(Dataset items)
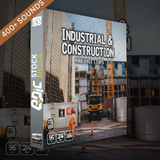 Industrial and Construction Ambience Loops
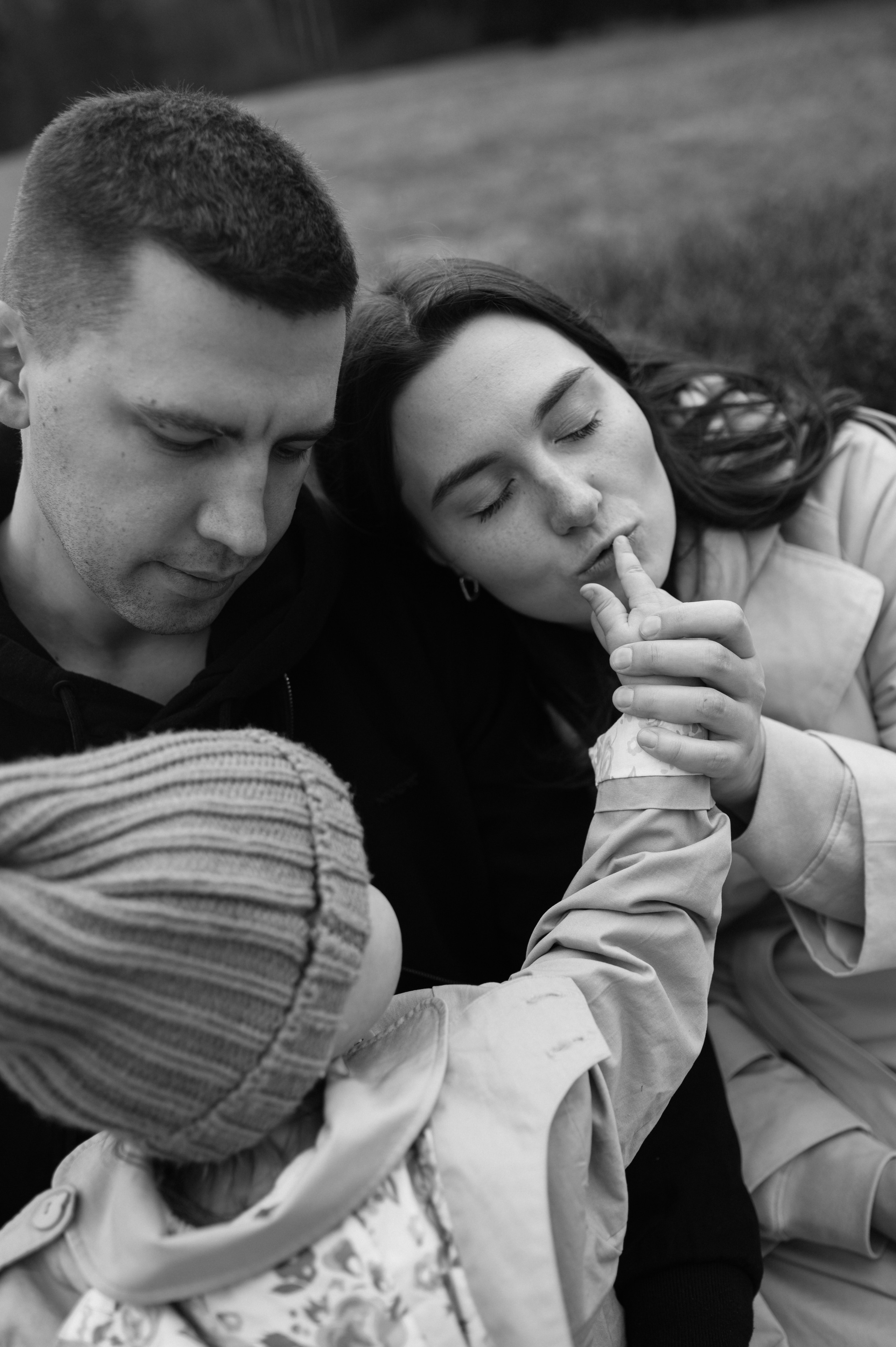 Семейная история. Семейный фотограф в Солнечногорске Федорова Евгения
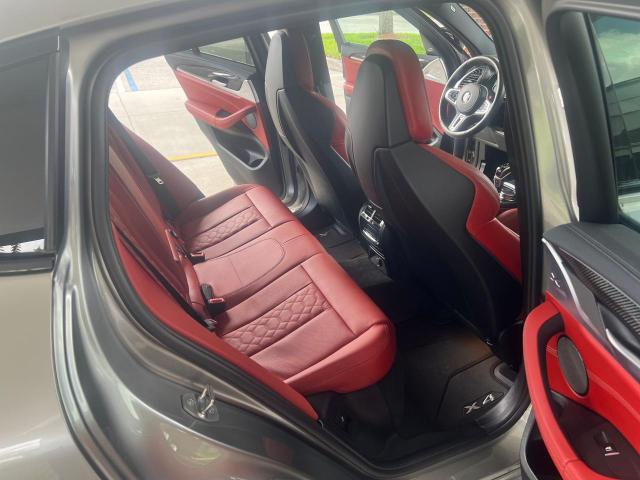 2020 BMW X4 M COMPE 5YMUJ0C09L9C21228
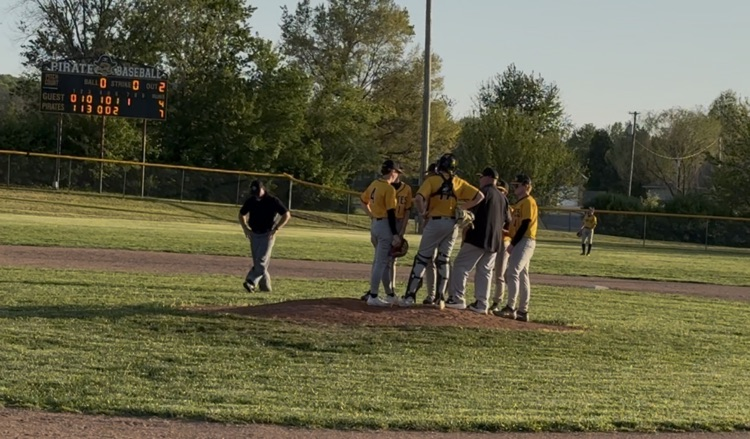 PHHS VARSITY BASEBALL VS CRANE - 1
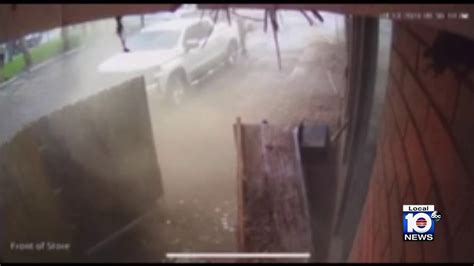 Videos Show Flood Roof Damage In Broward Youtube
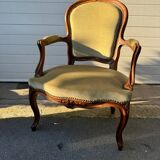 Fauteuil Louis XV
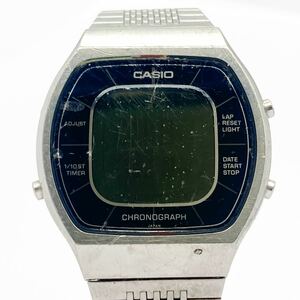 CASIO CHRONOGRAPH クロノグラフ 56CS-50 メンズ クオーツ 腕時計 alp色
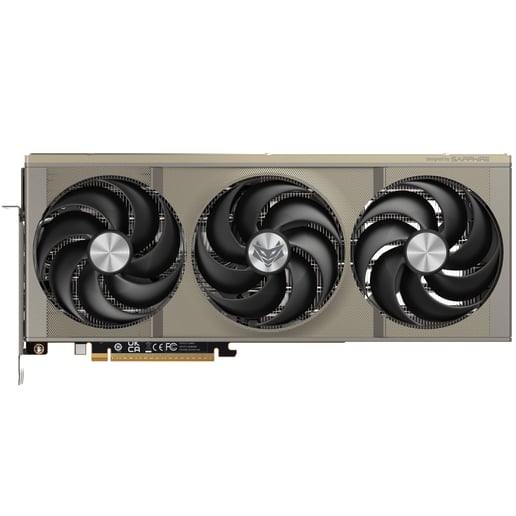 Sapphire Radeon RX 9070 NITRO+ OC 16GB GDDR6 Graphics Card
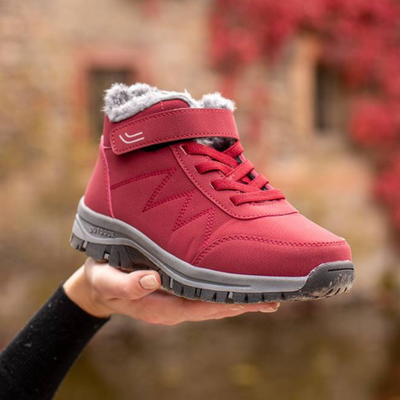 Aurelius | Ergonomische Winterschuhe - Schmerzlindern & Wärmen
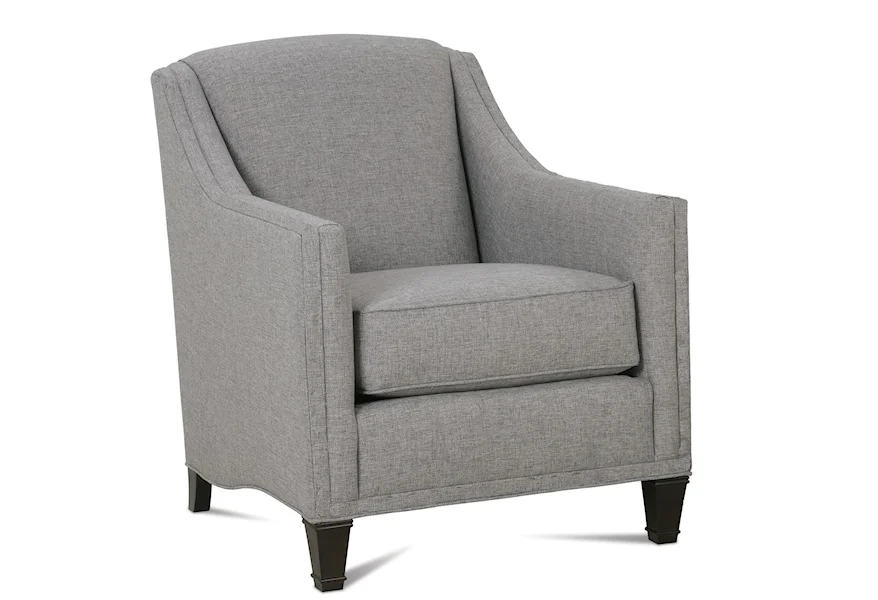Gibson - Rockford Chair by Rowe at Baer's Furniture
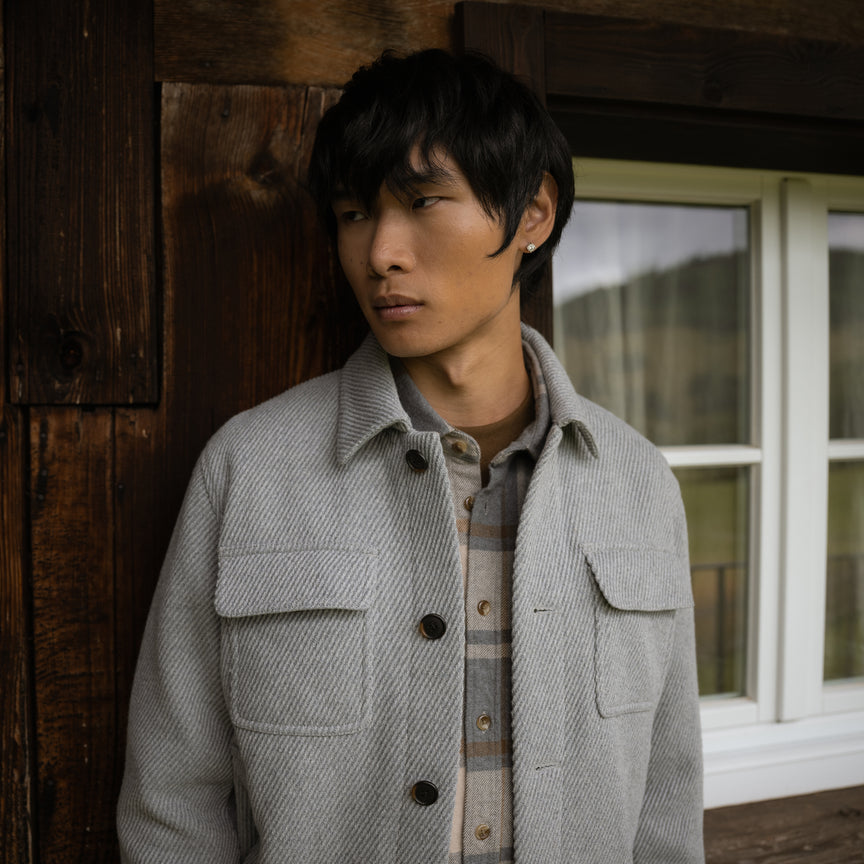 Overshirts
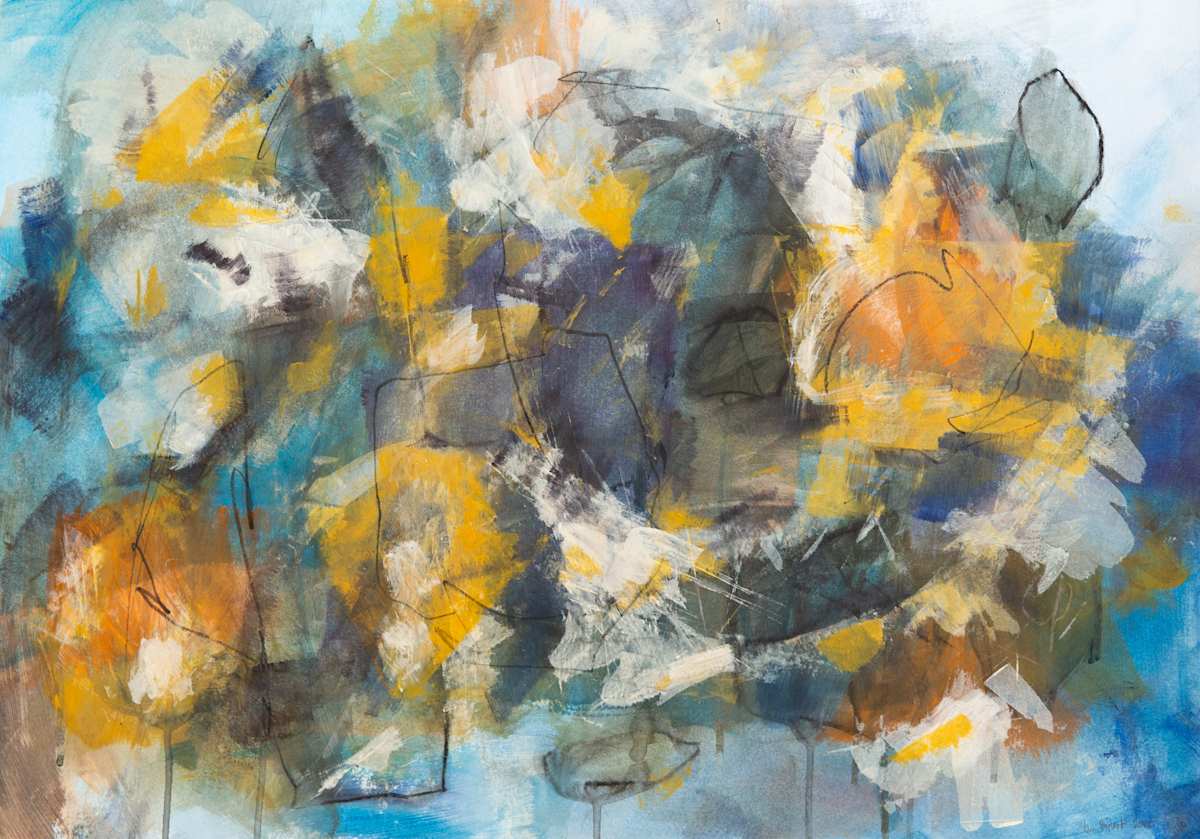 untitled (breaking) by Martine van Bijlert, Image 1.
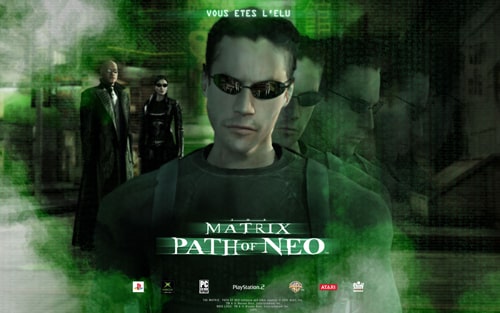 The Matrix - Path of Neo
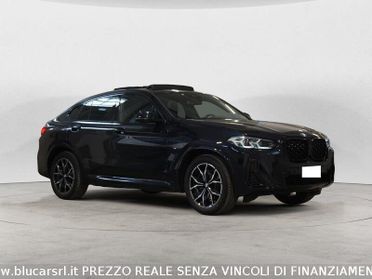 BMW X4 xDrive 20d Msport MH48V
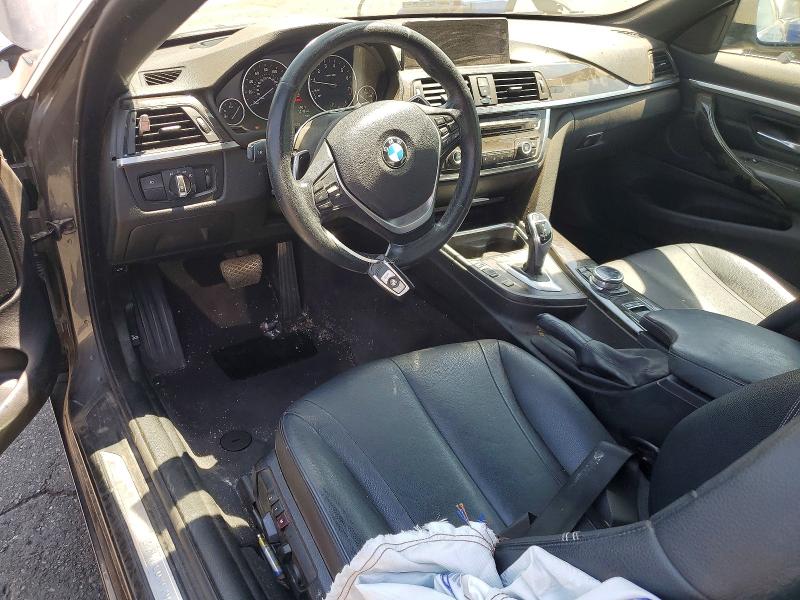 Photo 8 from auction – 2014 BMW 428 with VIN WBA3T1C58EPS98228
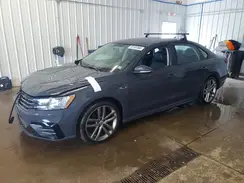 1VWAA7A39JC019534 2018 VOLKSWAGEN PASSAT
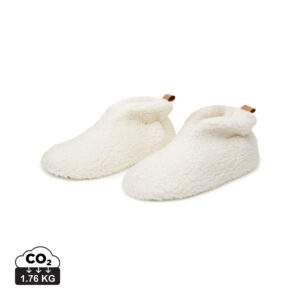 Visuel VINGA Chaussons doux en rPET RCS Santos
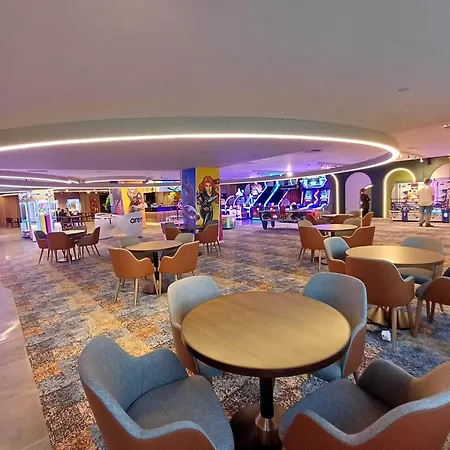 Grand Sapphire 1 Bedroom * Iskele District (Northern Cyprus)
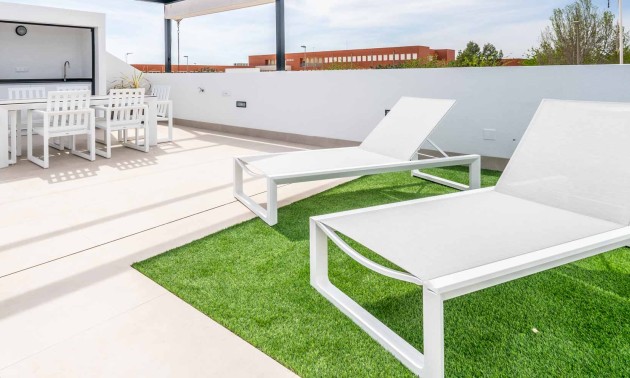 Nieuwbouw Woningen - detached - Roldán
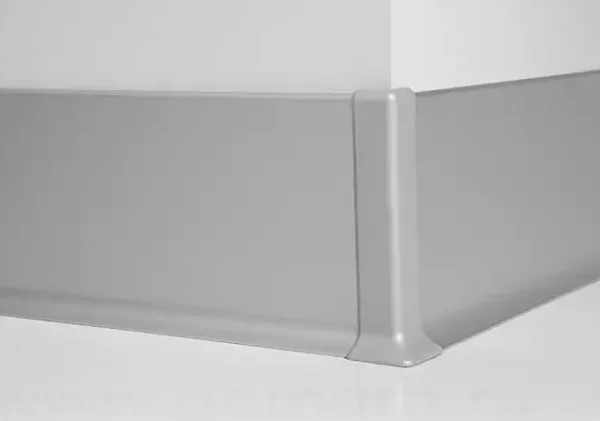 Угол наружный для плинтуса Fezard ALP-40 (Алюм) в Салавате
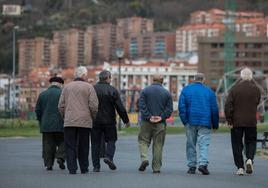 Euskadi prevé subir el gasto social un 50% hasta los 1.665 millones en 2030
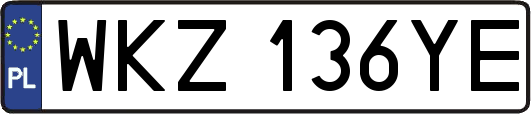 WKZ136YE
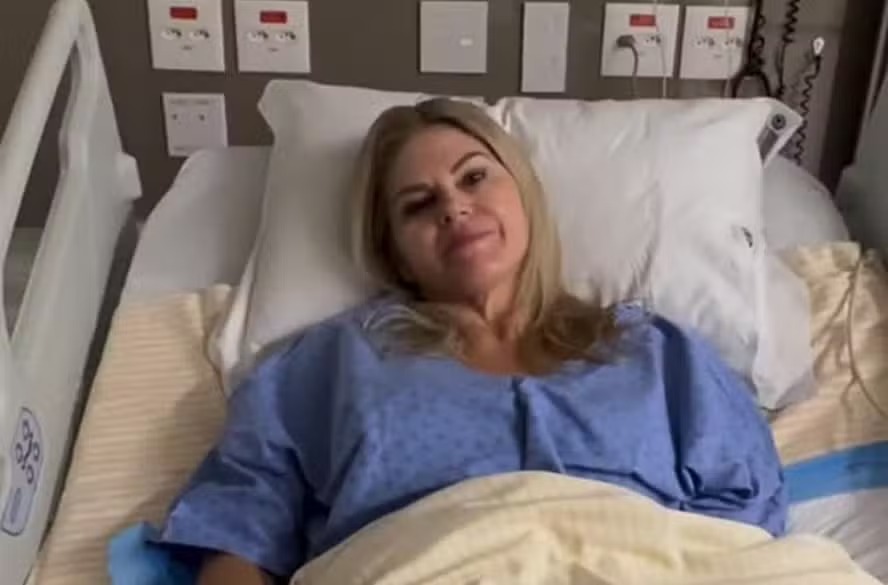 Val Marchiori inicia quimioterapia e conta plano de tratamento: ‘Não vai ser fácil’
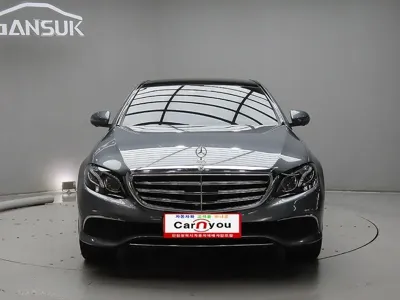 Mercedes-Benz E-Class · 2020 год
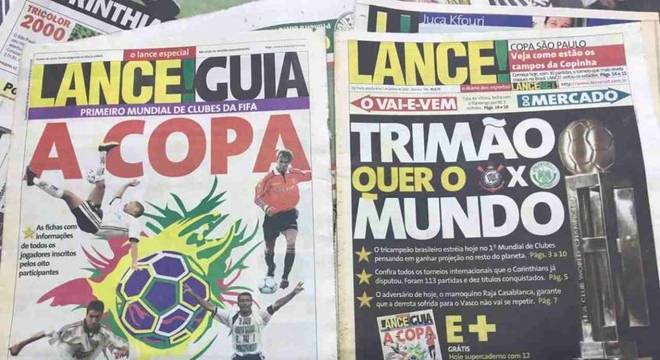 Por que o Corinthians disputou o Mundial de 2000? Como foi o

## WHAT TO PRODUCE
Each of the entries above must be copied exactly, but the pictures stay out.

## THE ANSWER
 Industrial and Construction Ambience Loops
 Семейная история. Семейный фотограф в Солнечногорске Федорова Евгения
 2020 BMW X4 M COMPE 5YMUJ0C09L9C21228
 PHHS VARSITY BASEBALL VS CRANE - 1
 Videos Show Flood Roof Damage In Broward Youtube
 Fauteuil Louis XV
 CASIO CHRONOGRAPH クロノグラフ 56CS-50 メンズ クオーツ 腕時計 alp色
 Sapphire Radeon RX 9070 NITRO+ OC 16GB GDDR6 Graphics Card
 Aurelius | Ergonomische Winterschuhe - Schmerzlindern & Wärmen
Gibson - Rockford Chair by Rowe at Baer's Furniture
 Overshirts
 untitled (breaking) by Martine van Bijlert, Image 1.
 The Matrix - Path of Neo
 BMW X4 xDrive 20d Msport MH48V
 Photo 8 from auction – 2014 BMW 428 with VIN WBA3T1C58EPS98228
 1VWAA7A39JC019534 2018 VOLKSWAGEN PASSAT
 Visuel VINGA Chaussons doux en rPET RCS Santos
 Grand Sapphire 1 Bedroom * Iskele District (Northern Cyprus)
 Nieuwbouw Woningen - detached - Roldán
 Угол наружный для плинтуса Fezard ALP-40 (Алюм) в Салавате
 Euskadi prevé subir el gasto social un 50% hasta los 1.665 millones en 2030
 WKZ136YE
 Val Marchiori inicia quimioterapia e conta plano de tratamento: ‘Não vai ser fácil’
 Mercedes-Benz E-Class · 2020 год
 Por que o Corinthians disputou o Mundial de 2000? Como foi o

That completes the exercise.